TEHRAN, Iran (AFP) — Iran signed a deal with France’s Total on Tuesday to develop a major offshore natural gas field, its first big contract with a Western energy firm since sanctions were loosened in January.
Total will lead a consortium also including China National Petroleum Corporation (CNPC) and Iran’s Petropars to develop Phase 11 of the South Pars field under a 20-year contract worth $4.8 billion (4.3 billion euros).
The project will eventually supply 50.9 million cubic meters (1.8 billion cubic feet) of natural gas per day into Iran’s national grid, and marks a breakthrough in the oil ministry’s efforts to attract Western investment and know-how to improve its outdated energy infrastructure.

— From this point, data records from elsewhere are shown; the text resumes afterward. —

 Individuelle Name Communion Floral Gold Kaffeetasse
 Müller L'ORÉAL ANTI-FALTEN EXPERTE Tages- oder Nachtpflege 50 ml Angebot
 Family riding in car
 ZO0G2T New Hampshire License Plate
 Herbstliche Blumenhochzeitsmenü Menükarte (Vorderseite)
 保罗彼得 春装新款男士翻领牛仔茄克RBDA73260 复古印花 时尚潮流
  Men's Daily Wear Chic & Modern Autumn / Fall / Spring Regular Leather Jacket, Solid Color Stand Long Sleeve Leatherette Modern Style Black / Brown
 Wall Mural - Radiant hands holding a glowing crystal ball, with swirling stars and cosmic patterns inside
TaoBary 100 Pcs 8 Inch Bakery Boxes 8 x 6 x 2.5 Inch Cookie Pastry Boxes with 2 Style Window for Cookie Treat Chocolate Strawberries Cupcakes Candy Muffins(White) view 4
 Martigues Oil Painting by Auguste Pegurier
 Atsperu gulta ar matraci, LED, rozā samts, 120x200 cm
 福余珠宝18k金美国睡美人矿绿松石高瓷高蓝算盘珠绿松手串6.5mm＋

The companies involved signed a memorandum of understanding in Tehran on Tuesday, and the final agreement will be signed early next year, Total’s head of Middle East exploration and production, Stephane Michel, said.

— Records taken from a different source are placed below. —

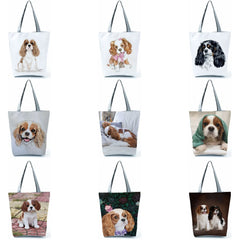 Charles Spaniel Dog Print Tote Shoulder Bag - Large Capacity Shopping Bag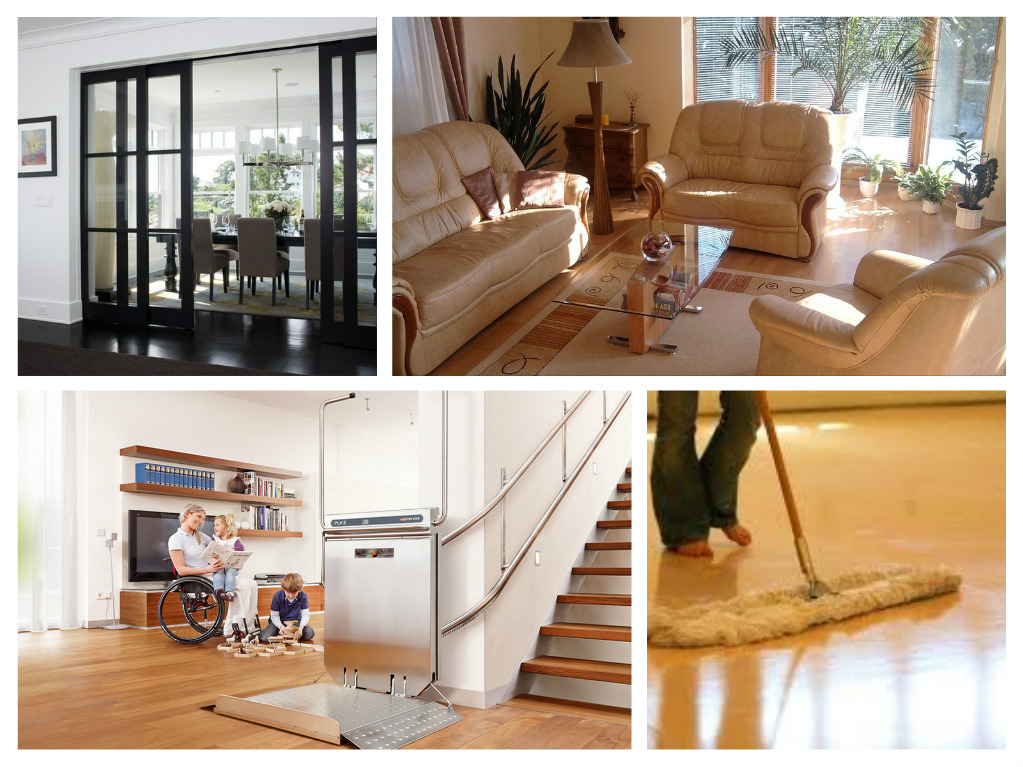 A collage of pictures showcasing a living room redesigned for accessibility.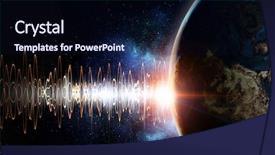  Presentation with quake - Amazing presentation theme having earth quake - technology of sound backdrop and a navy blue colored foreground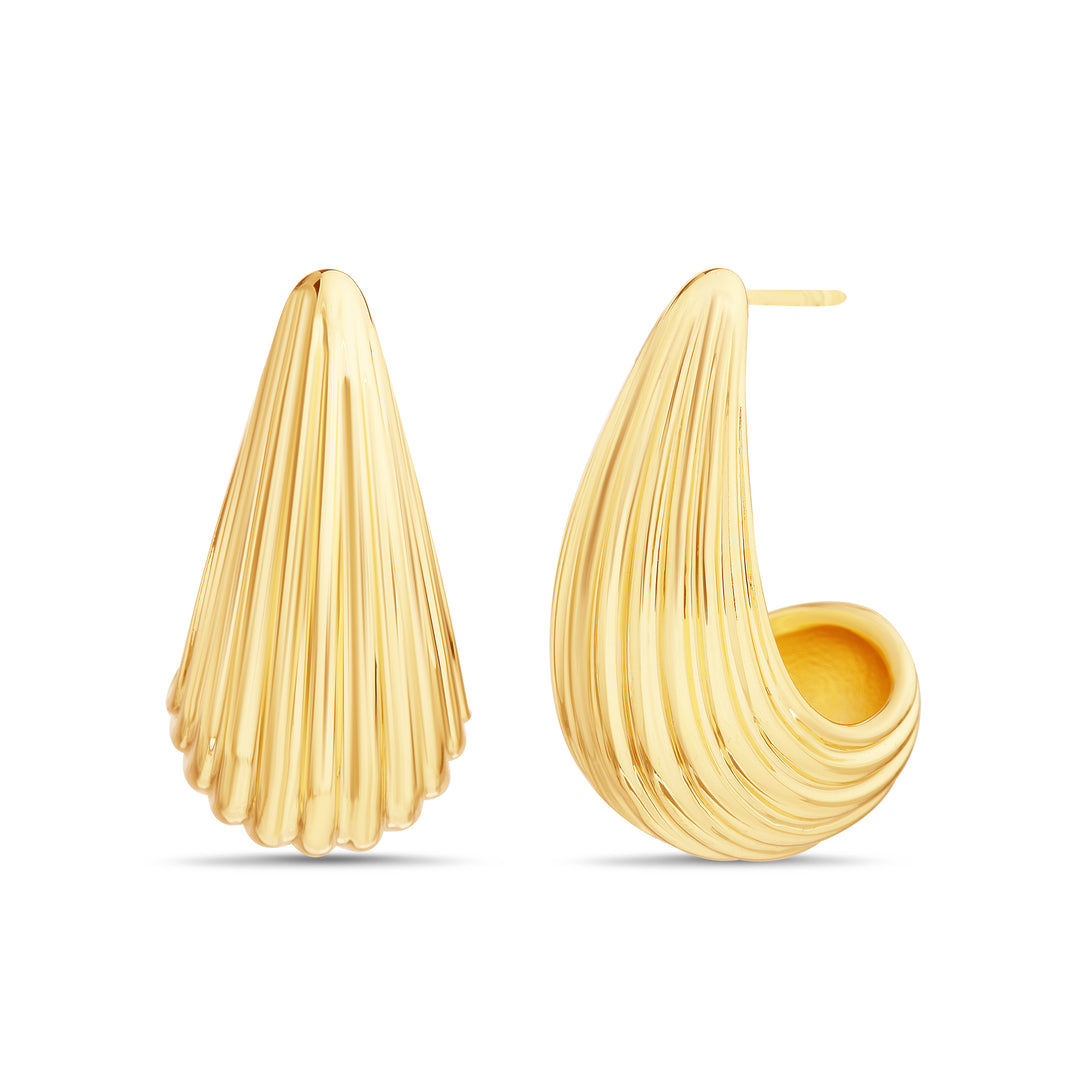 Aquamir Gold Tone Waterproof Shell Hoop Earrings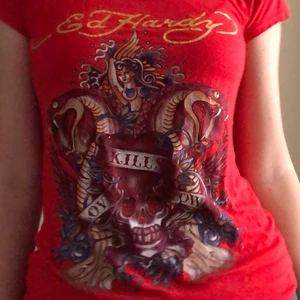 Ed Hardy t-shirt - passar xs-m beroende på hur man vill att den ska sitta, något sliten (mammas gamla) skriv för fler bilder:-)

It is the first deal of its kind since most international sanctions on Iran were lifted in January under a nuclear deal with world powers.

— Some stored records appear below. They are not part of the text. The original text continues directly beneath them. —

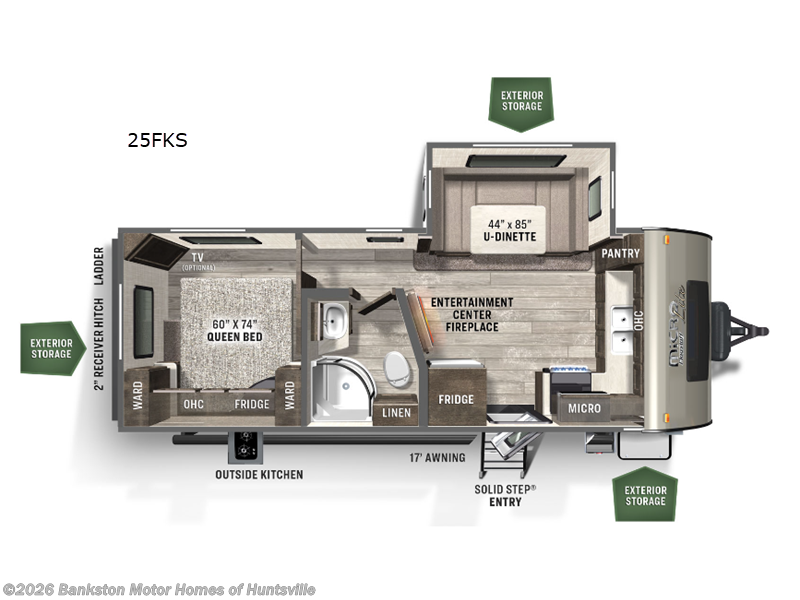 2022 Forest River Flagstaff Micro Lite 25FKS - Used Travel Trailer For Sale by Bankston Motor Homes of Huntsville in Huntsville, Alabama features Slideout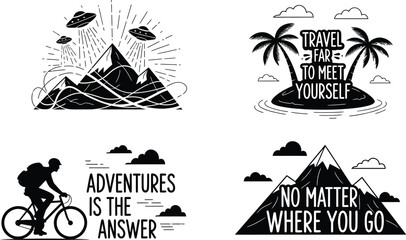 Travel and adventure themed vector illustration with mountains cyclist and ufo © AhsanunNahar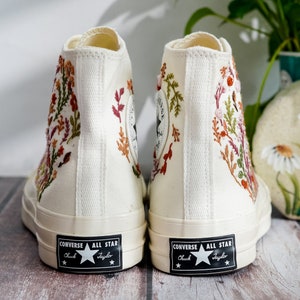Wedding Converse for Bride, Colorful Flower Garden Embroidered Shoes, Boho Wedding Flower Embroidered Sneakers, Wedding Gift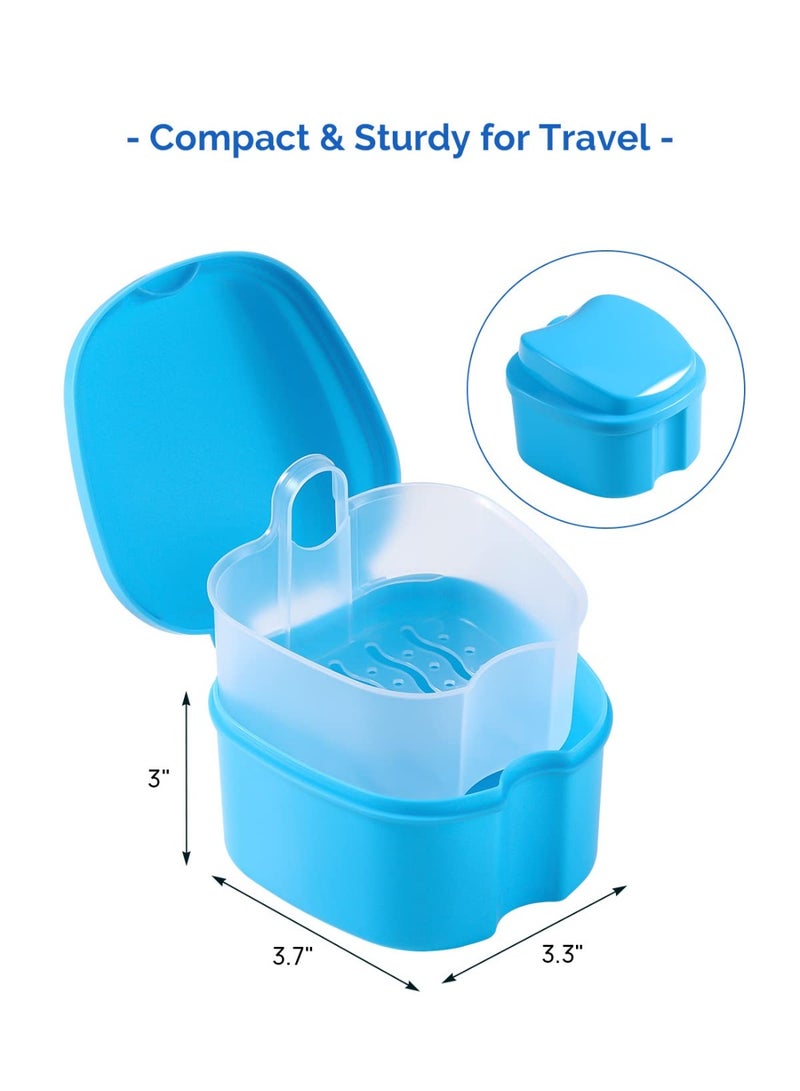 2 PCS Denture Bath Case with Strainer Basket Soaking Cup & Mouthguard Storage Container (Light Blue, Purple) - Image 5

Iran’s vice minister for oil, Amir Hossein Zamani Nia, said another major deal with a European company would be signed “in two to three weeks.”
Tuesday’s signing represents Total’s return to Iran, which has the second-largest gas reserves and fourth-largest oil reserves in the world.
Total helped develop phases two and three of South Pars, but effectively left Iran four years ago when France joined European Union partners in imposing sanctions, including an oil embargo.
“We’re the first Western major to return to Iran. We’re very happy,” Total chairman Patrick Pouyanne told AFP.
“It’s important because it’s always when we innovate and when we are first that we score points,” he added.
Iran’s Oil Minister Bijan Zanganeh thanked Total and CNPC for working with Iran despite “difficult conditions.”
“I hope the international companies that are still hesitating to come to Iran will be encouraged to take the leap,” he said.
‘A field we know well’
The South Pars field in the heart of the Gulf is shared by Iran and Qatar, and contains some 14 trillion cubic meters (494 trillion cubic feet) of gas — 8 percent of the world’s known reserves.
“It’s a field we know well because we produce on the Qatar side,” Pouyanne said.
He said there would be none of the banking problems that have bedeviled recent trade deals with Iran, because Total would use its own cash.
Despite the nuclear deal, the United States has maintained a raft of other sanctions, leaving global banks fearful they could still face massive fines for doing business with the Islamic republic.
Nonetheless, Tehran has been inundated by trade delegations from Europe in recent months. France has led the way, with major deals already lined up for Peugeot and Renault.
Total first signed an agreement back in 2004 to develop Phase 11 and a gas plant at South Pars, but it was never finalized.
Under the new deal, Total will control 50.1 percent of the consortium, with CNPC taking a 30% stake and Petropars 19.9 percent.
The first phase will cost around $2 billion and consist of 30 wells and two well-head platforms connected to existing onshore treatment facilities.
Despite the government’s hunt for Western partners, a history of foreign exploitation has left Iran highly sensitive to the presence of international firms in its energy sector.
Iranian officials announced last month that they would invite the first tenders for oil projects within two months and that foreign firms would be allowed to take lead roles.
But that sparked criticism from some conservatives, and Zanganeh later clarified that two domestic conglomerates would also be allowed to bid to lead the projects.
The conglomerates were identified as Khatam Al Anbia, which is controlled by the elite Revolutionary Guards, and Setad, which is supervised by the supreme leader’s office.